当然専門的な話は出来ないし、おそらくその必要もないので感覚的なことのみで語る上に読んでくれる人の理解も同意もまったく考慮しないけども、この「シンガポール トランジット」、何が素晴らしいかって、清涼感のあるメロとそれを効果的に引き立てる音たちで構成されたミディアムポップの上に、今更「かわいい!」だとか説明することもばかばかしい後藤真希ぴょんの声の中でも僕がもっとも好きな声が浮遊感たっぷりに流れていく、この異常なまでの気持ち良さが素晴らしい! もう聴けば聴くほど身中の毒や悪意が洗い流されていくのが実感できる。30回ほど連続際再生していると、細胞分裂は活発化し、新陳代謝が通常の5万倍のスピードに加速、その結果、肉体は時間の制約を飛び越えて進化と退化を繰り返し、膨張した意識と精神は宇宙の最果てにまで隈なく放たれ、そして、ニュー・ミムとしてピッコロ大魔王に激似なルックスに生まれ変わった24番目の僕が今これを書いている。指が四本というハンディを抱えつつも、それでも猶更新したくなるパワーをもってるのがこの曲だ。

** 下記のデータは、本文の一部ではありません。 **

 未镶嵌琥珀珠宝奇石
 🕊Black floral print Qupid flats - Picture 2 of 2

そして、歌詞!! まず、夏休みに彼とシンガポール経由で南の島に旅に出る、のではなく、それを想像する小娘が彼に甘えて語りかける、という着眼点とコンセプトの変態ぶりにグッとくる。松浦の「トロピカ〜ル恋して〜る」でつんく♂が(40前の男なのに)爆発させた、"小娘が抱くラブラブ旅行前のワクワク感"も素晴らしいものがあったが、この曲で魅せた、それの更に手前の、”旅行に行く予定すらも立って無い段階での小娘の妄想”を(40前の男が)描く、というド変態丸出しのスタンスもまた、同じ変態仲間として共感することこの上ナシ。

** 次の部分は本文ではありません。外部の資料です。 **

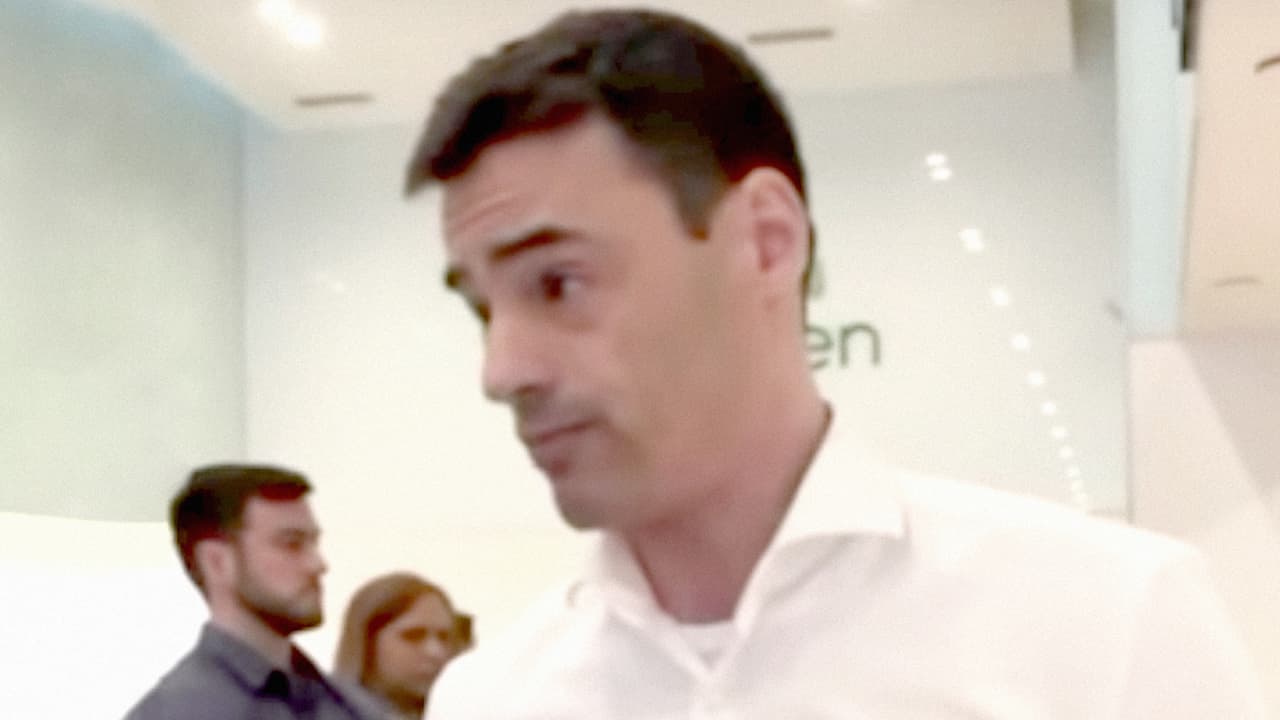 Echan de su oficina a Aaron Schlossberg, el abogado que amenazó a dos empleados por hablar español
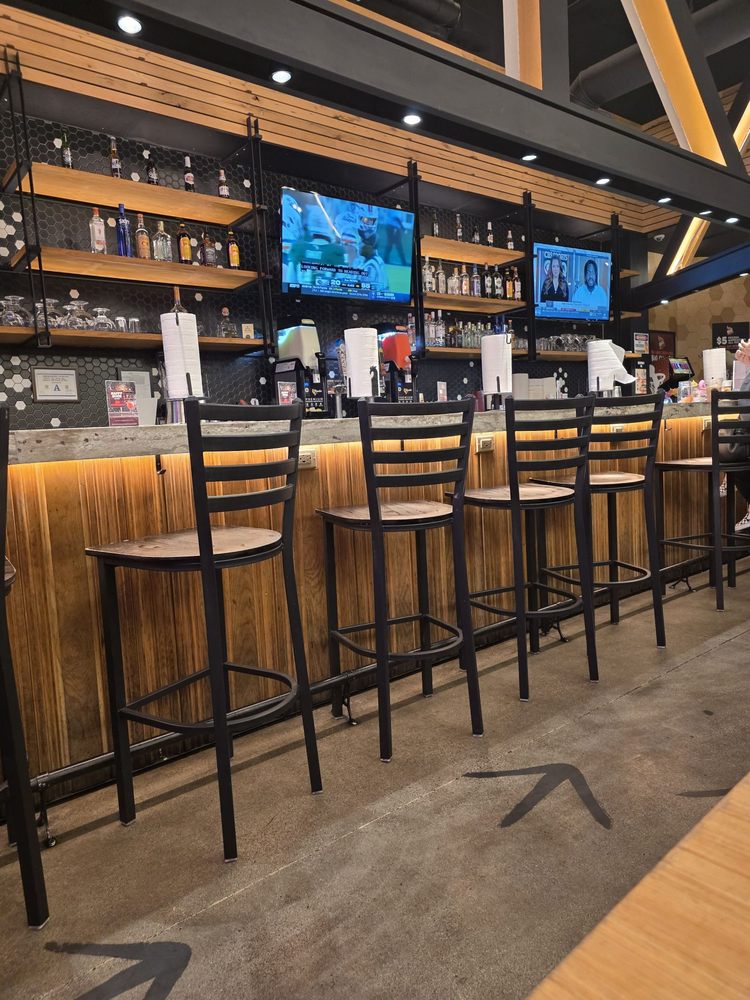 Big Chicken - Photo 2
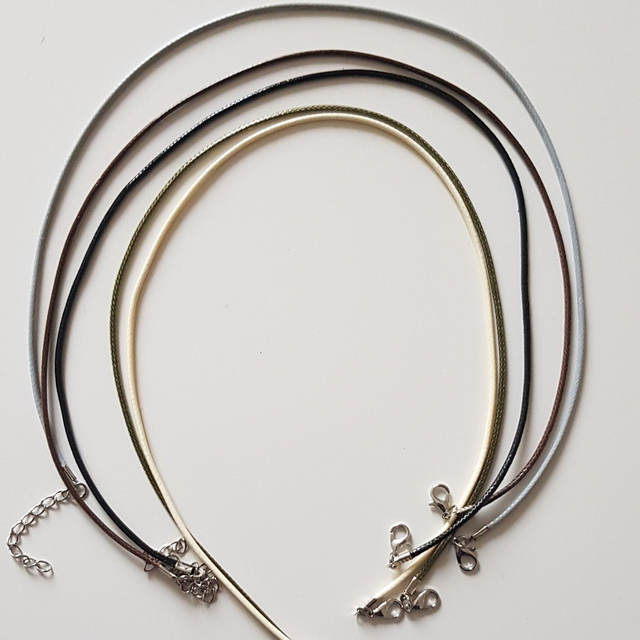 Colliers en cordon colorés 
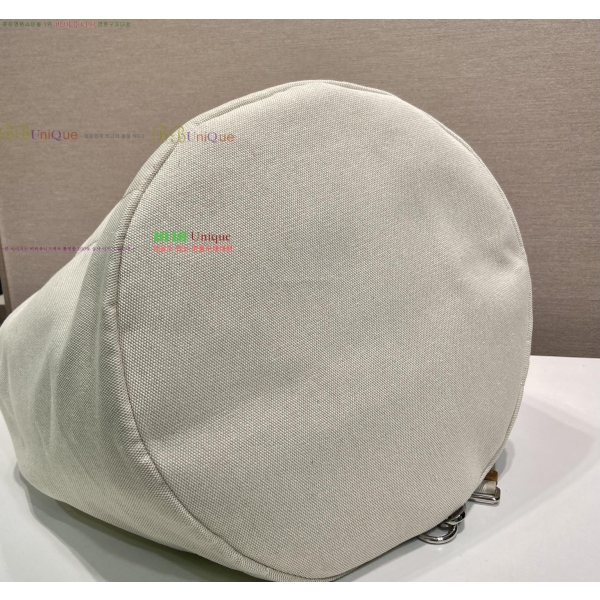 #����� ĵ���� ��ν�Ʈ�� ������ 2VY011-683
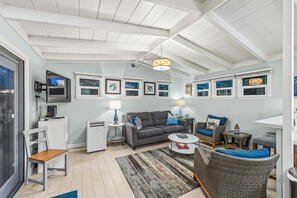 Smart TV - Amazing Reviews, Walk To Beach, Beautiful Patio (Ventura)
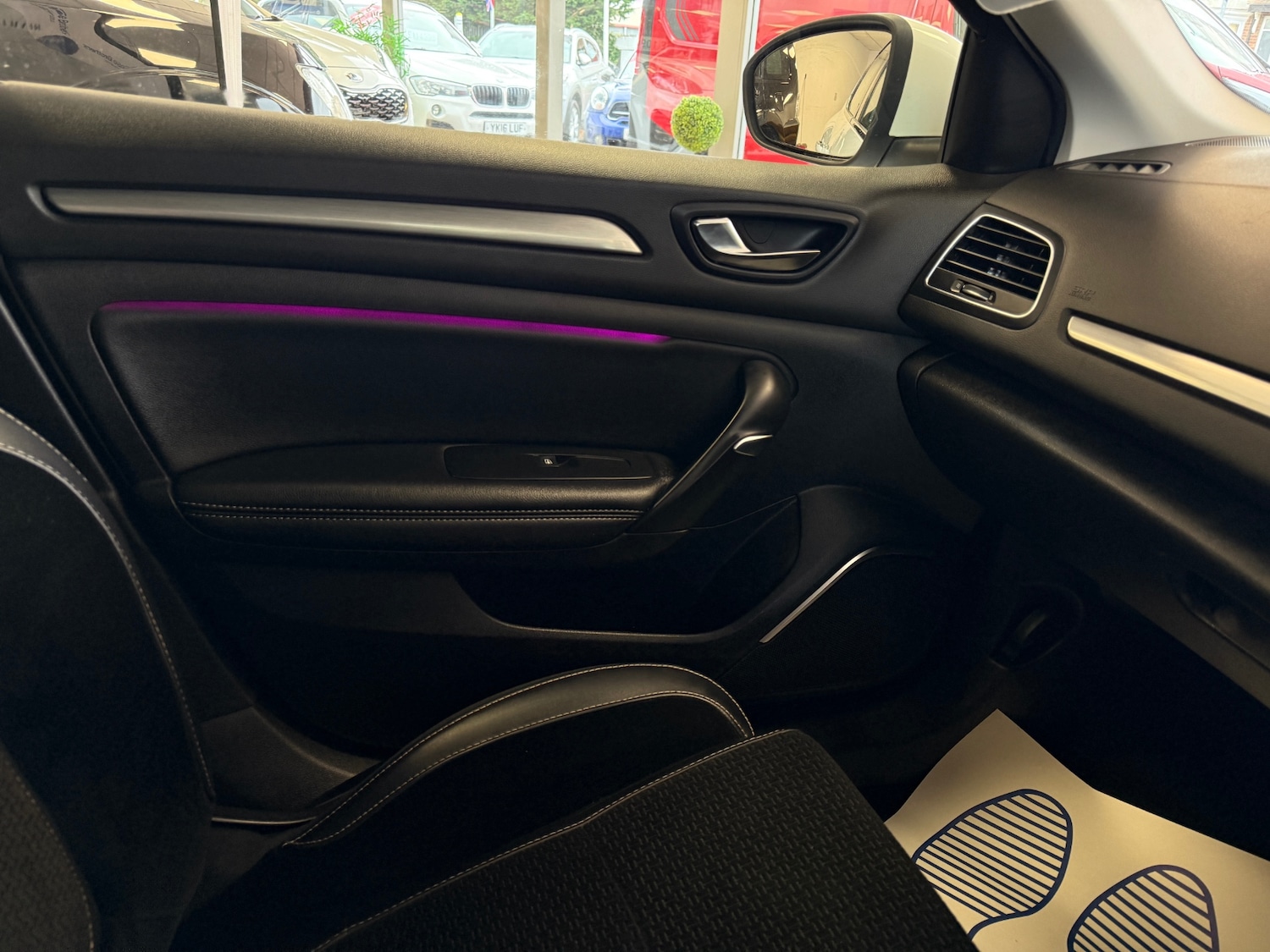 Used Renault Megane 2018 for sale - 76436364: Photo 17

でまた、そこで描かれる主人公(小娘)の人物設定及び描写が秀逸!!

ちょっとビックリする不思議な晩御飯食べて

なんだかほら分かんないような虫を見つけて

一日目が過ぎていく

たったこれだけの歌詞で、主人公の小娘が、土曜の昼2時ぐらいに放送する一線を退いたアイドルとダチョウ倶楽部クラスの芸人が出ているグルメツアー番組(”天国ツアー”と”地獄ツアー”の両方を攻める)から得た知識のみで構成されている東南アジアのイメージを持っていることまでを見事に描ききっており、そこから更に飛躍して、この小娘が、そういった庶民感覚を持ったどこにでもいる女子短大生で、その後なんとなくOLになって、今の仕事に疑問を抱いて英会話を始めて、でも一ヶ月ぐらいで辞めちゃって、みたいなところまで想像できなくも無い。それだけのテクニックを駆使しておきながら、しかし、そこに最近のつんく♂詞で鼻につくメッセージめいたもののがどこにも無いのがすばらしい。アイドルの歌はこうでなくちゃいけない。カワイイカワイイ言いたいんじゃボケ!ワシが聴きたいもんを歌わせるんじゃあ!という酷く我侭な、しかし純粋な、つまり俺たちの心の代弁者的な、そんなアイドルのプロデューサーとしての基本に立ち戻った姿勢には、部屋で一人全裸でスタンディングオベーションを送りたいと思う。